Page 55 of Whispers of Fire

"Yoo-hoo!" Jamie claps his hands, runnin’ towards our parents. "Dance with me now, Mommy!"

"Alright, my little prince," my mom says, scoopin’ Jamie into her arms and spinnin’ him around, makin’ him giggle.

Just as I'm about to head to the shower after my shift at the mechanic shop, I pause and notice my parents exchangin’ a look.

One I know all too well from watchin’ them for years.

"How was work today, hon?" my mom asks, not missin’ a beat in her dance with Jamie.

"Same old, same old," I reply, tryin’ to sound casual, but the warmth in my voice betrays me. It’s fuckin’ hard. The job. But seeing them like this makes everythin’ worth it.

My dad chimes in, "Did you fix that old Chevy? I heard Mr. Jenkins talkin’ about it at the store. Says you're a miracle worker."

"Yeah, it's runnin’ like new," I say, shruggin’ off the compliment. "Just took a bit of elbow grease."

"Mr. Jenkins said you're the best mechanic he's seen in years," my mom adds, a hint of pride in her voice. "He couldn't stop singing your praises."

"He's just being nice," I mumble.

"Don't be modest, kid," my dad says, winkin’ at me. "We know how hard you work."

I run my hand in my hair, bending my head to hide the red colorin’ my cheeks.

“Gonna take a shower,” I rumble before joggin’ to the bathroom as fast as I can. Facin’ the mirror, I look at my reflection. Our family may be poor, but we’ve got more warmth under our roof than any folks I know.

The song is still playin’ in the livin’ room. A corner of my lips rises when I remember how my parents looked at each other just a minute ago.

I know this look.

Pure, strong, unconditional.

It was love.

I step into the shower and turn on the water, wondering if I'll ever get to experience the same kind of look one day.

Chapter 11

Rose

Last night was magical. Like what you see in romantic movies, or at least, I imagine that’s what it seems like, because I’ve never actually seen one. But Jezebel, whose parents only came into the community a few years ago, told me she saw plenty when she was younger. She talked about them with stars in her eyes, still swooning over the main characters.

Wished I had seen one.

All I know is what my parents taught me to expect from a husband and the few marital classes we had last year. Classes where we were specifically explained how the reproductive organs worked with drawings of one single physical act the man and women, married obviously, must perform in order to make children.

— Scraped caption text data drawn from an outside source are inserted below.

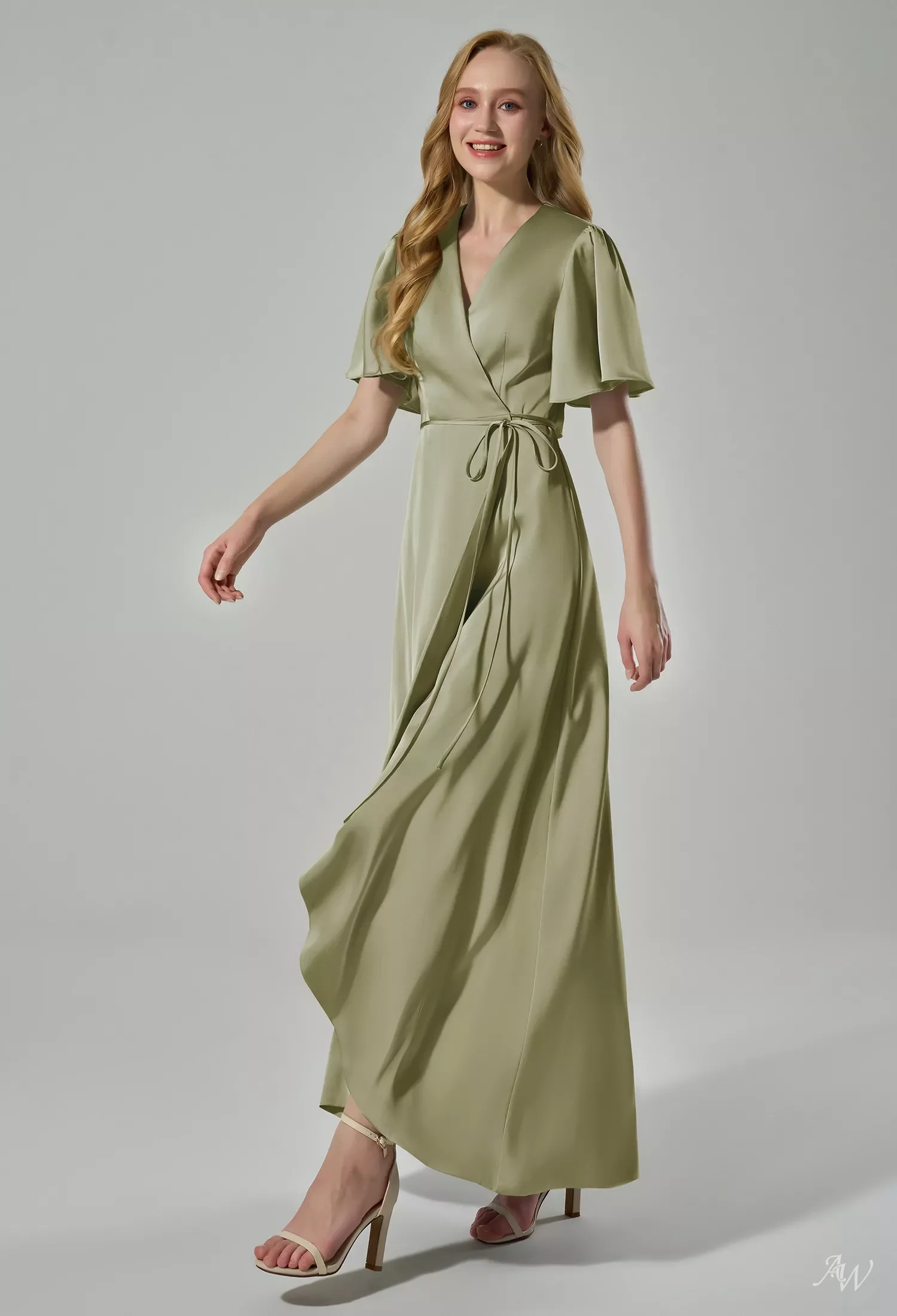 AW Alexa Dresses, Fennel Seed Satin Charmeuse Hi Lo V-Neck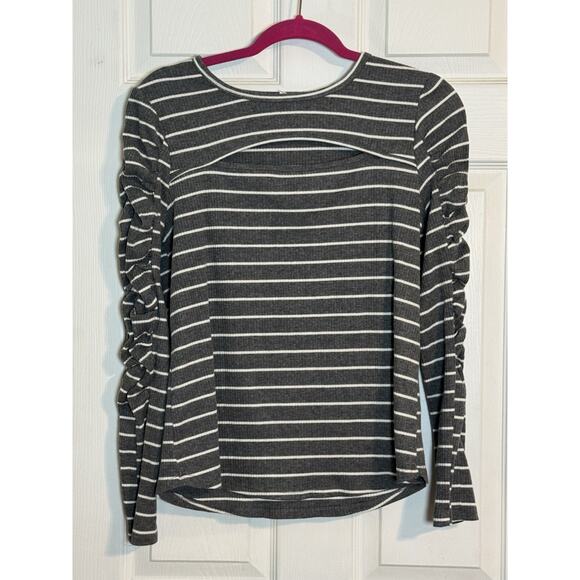 Maurices Women's Gray And White Striped Sweater, Cut Out In Front, Ribbed, Large - Picture 1 of 6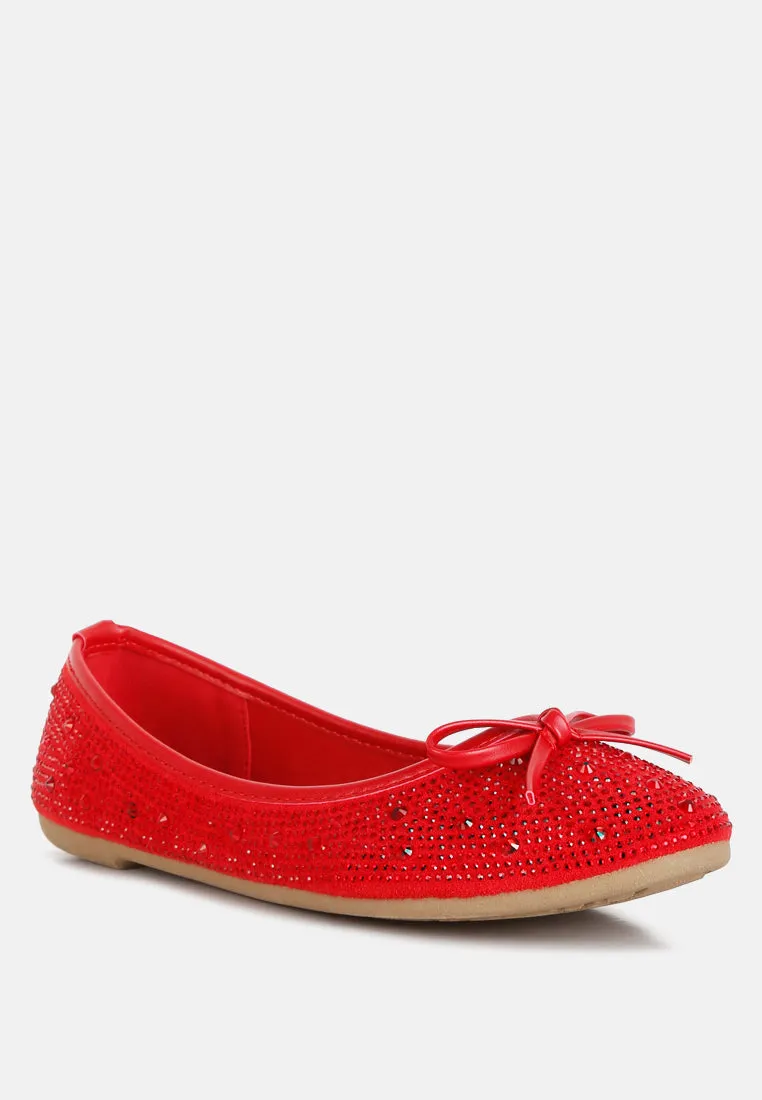 Hosana Rhinestones And Stud Embellished Ballet Flats by London Rag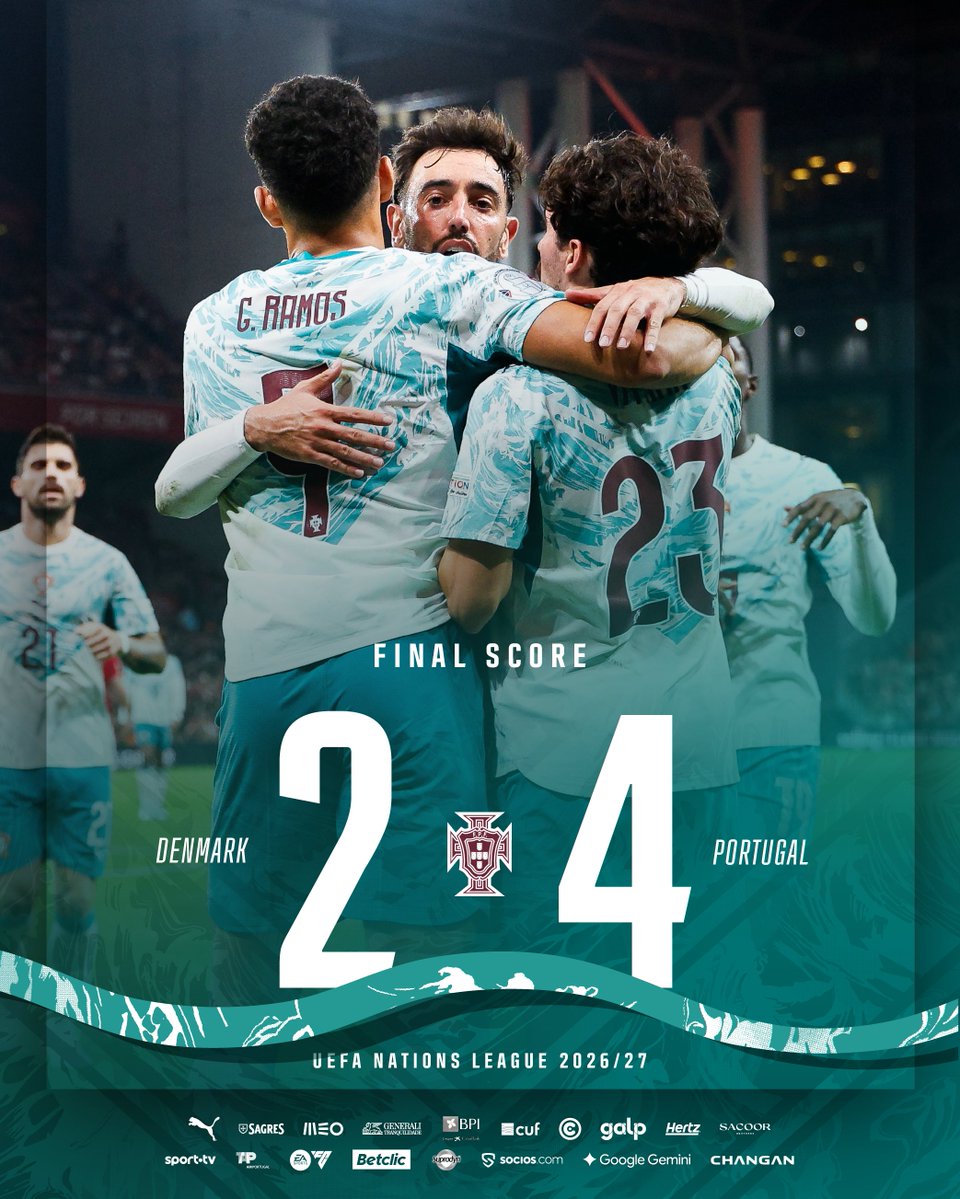 selecaoportugal's tweet photo. ⏹️ 90+4' TERMINA A PARTIDA ⏰  

𝗧𝗥𝗘̂𝗦 jogos. 𝗧𝗥𝗘̂𝗦 vitórias. 😁🇵🇹  

#NationsLeague | #DENPOR https://t.co/iGr25cHcYc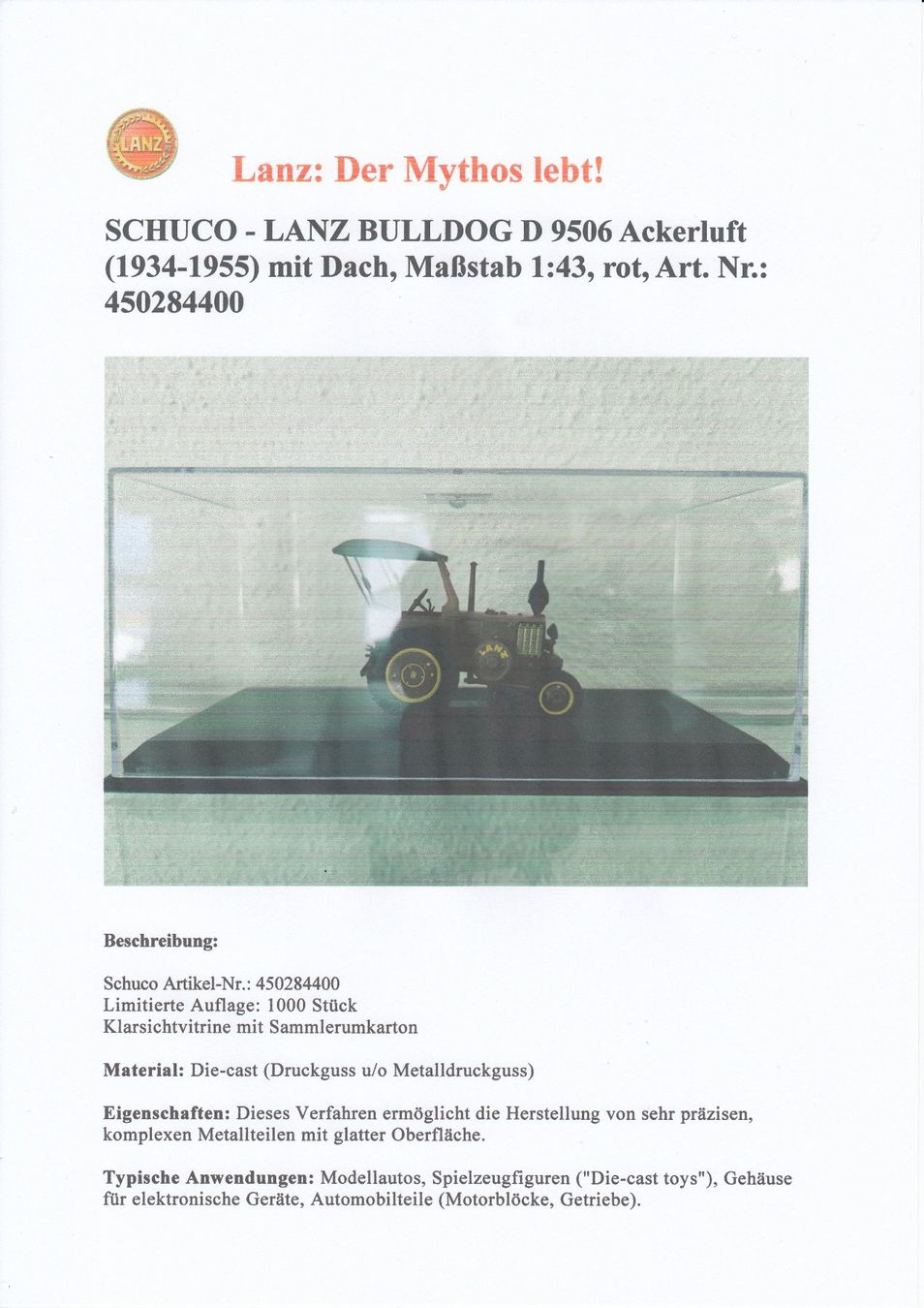 Schuco Kit di modellismo & Modellini statici: Lanz: Der Mythos lebt! – Nuovo (secondo la descrizione) da Nendeln venduto da hgh_672q 1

Our teacher, Mrs Ellies, gave us extensive details about the act to become with child. So not the most romantic thing I’ve ever seen. Actually, physical touch, even between married people, is seen badly in our community and should only take place in the aim to make children.

Which is why I’m so confused.

Vox and I shared many intimate moments since the first time I stepped away from him in the garden, shocked by his handsome bare chest and his tattoos still inked in my mind like permanent marker on a blank canvas. Being with him feels right and wild at the same time.

Should I indulge in it or back away?

Before losing my voice, I was a faithful follower, never arguing or questioning anything. But since then, a lot has changed. Losing my voice became a strength, something I didn’t see coming, just like Vox.

Which is why I don’t get it when most people look at me with pity.

They don't realize how powerful it is.